• _Exercise brief_: All lines ahead of the one containing "Ezra’s Veil – Green Fluorite Copper Pendant" are to be left out; that line and each one after it, through the end of the records below, are to be duplicated exactly.

• _The input_:
BEGIN

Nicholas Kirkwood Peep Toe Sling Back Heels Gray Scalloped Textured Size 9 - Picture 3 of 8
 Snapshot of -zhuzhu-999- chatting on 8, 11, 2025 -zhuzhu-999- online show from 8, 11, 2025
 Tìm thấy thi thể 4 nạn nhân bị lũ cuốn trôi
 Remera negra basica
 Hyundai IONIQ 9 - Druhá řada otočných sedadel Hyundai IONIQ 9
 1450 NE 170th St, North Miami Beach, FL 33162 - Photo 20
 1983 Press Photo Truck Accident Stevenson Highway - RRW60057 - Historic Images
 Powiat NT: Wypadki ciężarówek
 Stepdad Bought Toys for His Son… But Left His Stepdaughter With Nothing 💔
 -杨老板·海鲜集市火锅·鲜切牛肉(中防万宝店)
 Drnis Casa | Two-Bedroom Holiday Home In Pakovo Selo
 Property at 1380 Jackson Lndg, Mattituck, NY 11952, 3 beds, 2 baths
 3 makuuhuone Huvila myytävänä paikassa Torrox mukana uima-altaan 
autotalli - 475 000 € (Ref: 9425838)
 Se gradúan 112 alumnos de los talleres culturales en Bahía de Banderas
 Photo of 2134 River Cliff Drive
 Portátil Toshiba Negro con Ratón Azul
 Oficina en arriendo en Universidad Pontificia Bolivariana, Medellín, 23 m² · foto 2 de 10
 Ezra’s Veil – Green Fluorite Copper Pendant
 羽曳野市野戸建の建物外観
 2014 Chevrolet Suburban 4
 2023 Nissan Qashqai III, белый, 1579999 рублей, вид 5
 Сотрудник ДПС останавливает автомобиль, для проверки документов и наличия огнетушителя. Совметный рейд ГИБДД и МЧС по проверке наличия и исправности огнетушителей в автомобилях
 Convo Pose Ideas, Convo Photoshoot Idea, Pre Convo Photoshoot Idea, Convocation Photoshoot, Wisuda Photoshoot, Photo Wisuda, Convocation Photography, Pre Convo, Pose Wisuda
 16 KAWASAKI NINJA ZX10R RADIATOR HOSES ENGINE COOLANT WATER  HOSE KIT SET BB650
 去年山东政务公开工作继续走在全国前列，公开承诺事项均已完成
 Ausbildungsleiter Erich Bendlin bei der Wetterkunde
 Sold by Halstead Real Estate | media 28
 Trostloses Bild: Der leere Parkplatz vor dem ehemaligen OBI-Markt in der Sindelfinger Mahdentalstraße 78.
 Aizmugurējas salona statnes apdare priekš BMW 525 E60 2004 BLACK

END

• _Written solution_:
 Ezra’s Veil – Green Fluorite Copper Pendant
 羽曳野市野戸建の建物外観
 2014 Chevrolet Suburban 4
 2023 Nissan Qashqai III, белый, 1579999 рублей, вид 5
 Сотрудник ДПС останавливает автомобиль, для проверки документов и наличия огнетушителя. Совметный рейд ГИБДД и МЧС по проверке наличия и исправности огнетушителей в автомобилях
 Convo Pose Ideas, Convo Photoshoot Idea, Pre Convo Photoshoot Idea, Convocation Photoshoot, Wisuda Photoshoot, Photo Wisuda, Convocation Photography, Pre Convo, Pose Wisuda
 16 KAWASAKI NINJA ZX10R RADIATOR HOSES ENGINE COOLANT WATER  HOSE KIT SET BB650
 去年山东政务公开工作继续走在全国前列，公开承诺事项均已完成
 Ausbildungsleiter Erich Bendlin bei der Wetterkunde
 Sold by Halstead Real Estate | media 28
 Trostloses Bild: Der leere Parkplatz vor dem ehemaligen OBI-Markt in der Sindelfinger Mahdentalstraße 78.
 Aizmugurējas salona statnes apdare priekš BMW 525 E60 2004 BLACK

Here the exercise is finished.